◆ Exercise instructions
Return the entries below word for word. No picture belongs in the copy.

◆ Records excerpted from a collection
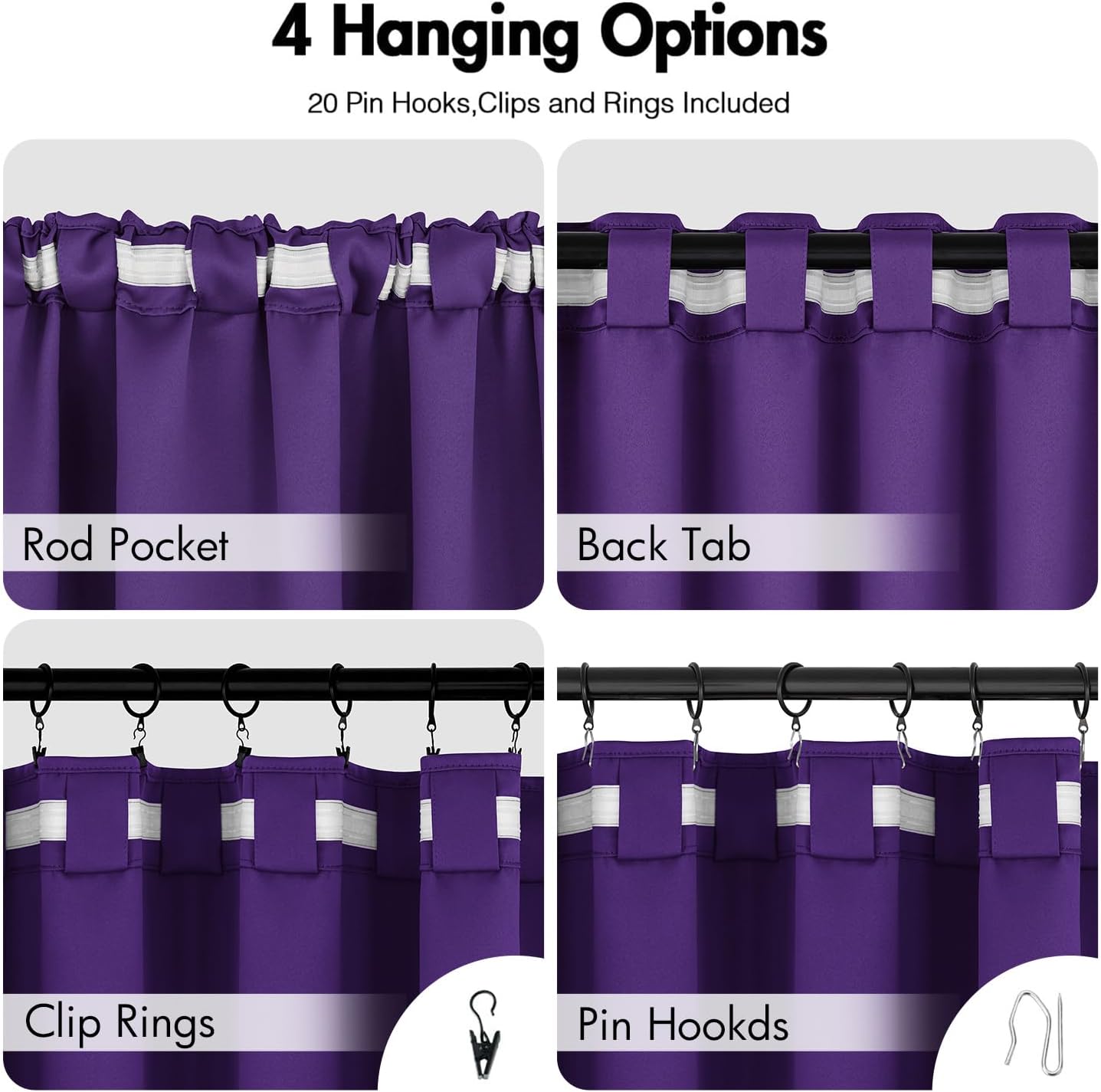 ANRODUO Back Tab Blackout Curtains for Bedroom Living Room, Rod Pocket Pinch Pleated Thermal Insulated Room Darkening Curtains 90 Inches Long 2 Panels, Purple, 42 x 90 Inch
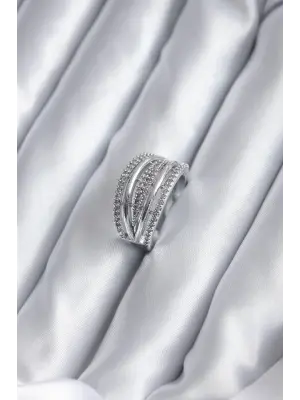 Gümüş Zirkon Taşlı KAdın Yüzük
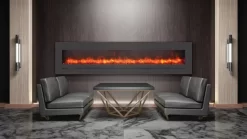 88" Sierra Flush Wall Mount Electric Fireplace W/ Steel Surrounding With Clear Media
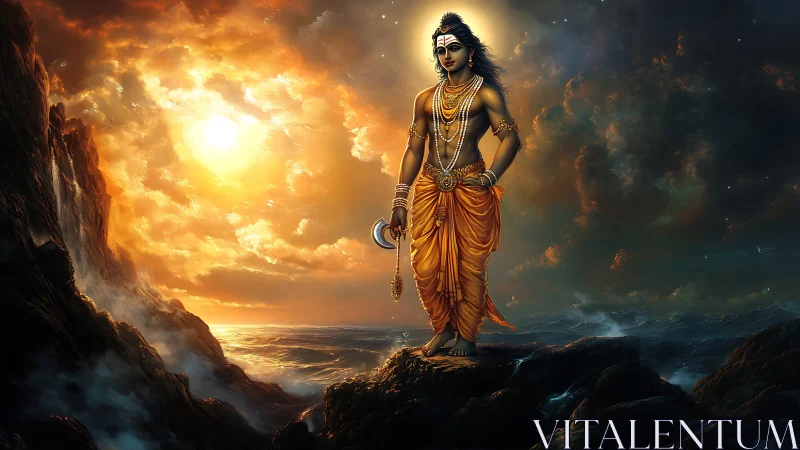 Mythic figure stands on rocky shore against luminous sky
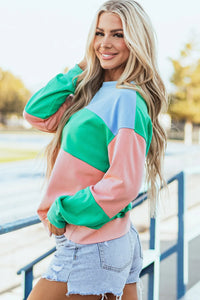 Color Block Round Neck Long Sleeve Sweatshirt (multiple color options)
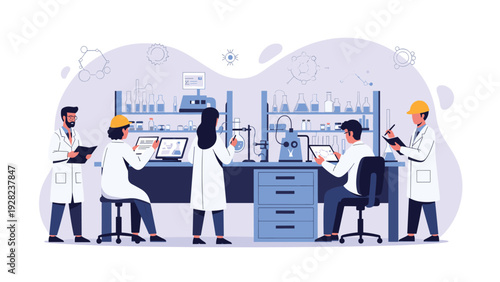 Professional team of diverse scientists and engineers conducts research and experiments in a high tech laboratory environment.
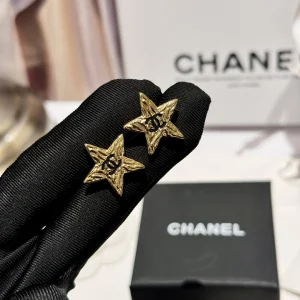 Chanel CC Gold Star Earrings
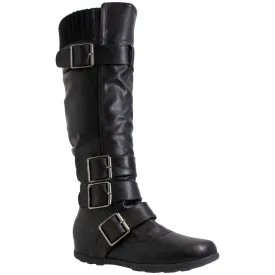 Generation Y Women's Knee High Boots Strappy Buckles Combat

◆ Written response
 ANRODUO Back Tab Blackout Curtains for Bedroom Living Room, Rod Pocket Pinch Pleated Thermal Insulated Room Darkening Curtains 90 Inches Long 2 Panels, Purple, 42 x 90 Inch
 Gümüş Zirkon Taşlı KAdın Yüzük
 88" Sierra Flush Wall Mount Electric Fireplace W/ Steel Surrounding With Clear Media
 Mythic figure stands on rocky shore against luminous sky
 Color Block Round Neck Long Sleeve Sweatshirt (multiple color options)
 Professional team of diverse scientists and engineers conducts research and experiments in a high tech laboratory environment.
 Chanel CC Gold Star Earrings
 Generation Y Women's Knee High Boots Strappy Buckles Combat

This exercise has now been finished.